Tan peligroso era el uso de los atrevimientos dentro del gobierno, que cuando un núcleo político independiente penetró, con señalados arrestos, al escenario oficial y eligió como su caudillo al ministro de la Guerra general Bernardo Reyes, pareció como si a tal hora hubiese llegado la peste y la descomposición del régimen porfirista. Y esto hizo temblar al país, no de goce democrático, sino de muchos temores, porque el general Reyes, quien con muy pocas pulgadas de estatura, se dejó arrastrar por el aplauso, el entusiasmo y la ilusión, suponiendo que el acontecimiento sería a manera de puente, llegado el caso de que don Porfirio se quisiera retirar; y esto, creyendo lo que el Presidente, por su espíritu de gran responsabilidad, no había, considerado ni dentro ni fuera de su alma de caudillo y Jefe de Estado.

El general Díaz dejó progresar el reyismo, pues quiso saber hasta dónde podía encaminarse un sentimiento democrático en el país; mas esta finta porfirista, no la entendió el general Reyes y permitió que sus partidarios le dieran todos los vuelos de la popularidad. Y, en efecto, pueblo y Reyes llegaron a tener compatibilidad, no obstante que el general no era de esos hombres capaces de extender su estimación en el concepto público, ya que estaba poseído de la vanidad y mucho exhibía su profesión militar y no ocultaba su almacén de reconcomios; pero su diligencia, fuera de lo vulgar, caracterizada en la organización de una reserva del ejército federal —reserva que se suponía equivalente a la seguridad de la República- le abrió las puertas del crédito nacional.
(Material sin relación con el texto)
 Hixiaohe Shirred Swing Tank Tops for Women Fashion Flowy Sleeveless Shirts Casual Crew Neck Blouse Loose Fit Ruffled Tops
El suceso, sin embargo, no podía ser clasificado como eminentemente grato al pueblo; pero si por un lado tenía todas las exterioridades de corresponder al desenvolvimiento urbano, de otro lado, el hecho de que un ministro del gabinete de don Porfirio se presentara osadamente como portavoz de una nueva idea, alentó tantas ambiciones, que quién más, quién menos, vio en Reyes al más probable sucesor del general Díaz. Y Reyes mismo debió considerarlo así; pues dejó esplender, sin advertir los recelos del general Díaz, y sin maliciar que su iniciativa militar servía de finta, el aparato militar que representaba la segunda reserva del ejército; y como el hecho era novedoso y atrevido, el espíritu emprendedor del ministro, sirvió para dar valor, brillo, esperanzas al partido reyista. Con Reyes, más que la democracia, surgía la vocación creadora del pueblo mexicano que anteriormente estaba oculta entre los pliegues de la dejadez y la ignorancia, pero sobre todo en el apartamiento en que vivía el cuerpo rural de la República.

Ahora bien: si el Presidente no comprendía ese fenómeno que se desarrollaba en el país, y las empresas de Reyes sólo las veía a través del temor de que el acontecimiento comprometiera el orden nacional e hiciese crecer un movimiento político dentro del porfirismo; si el Presidente no comprendía tal fenómeno, percatado de lo que podría sobrevenir políticamente, excluyó del gabinete al general Reyes; ahora que esto, sólo sirvió para actualizar el problema de la sucesión presidencial, que el régimen porfirista había logrado desvanecer al través de los años y prosperidad oficial.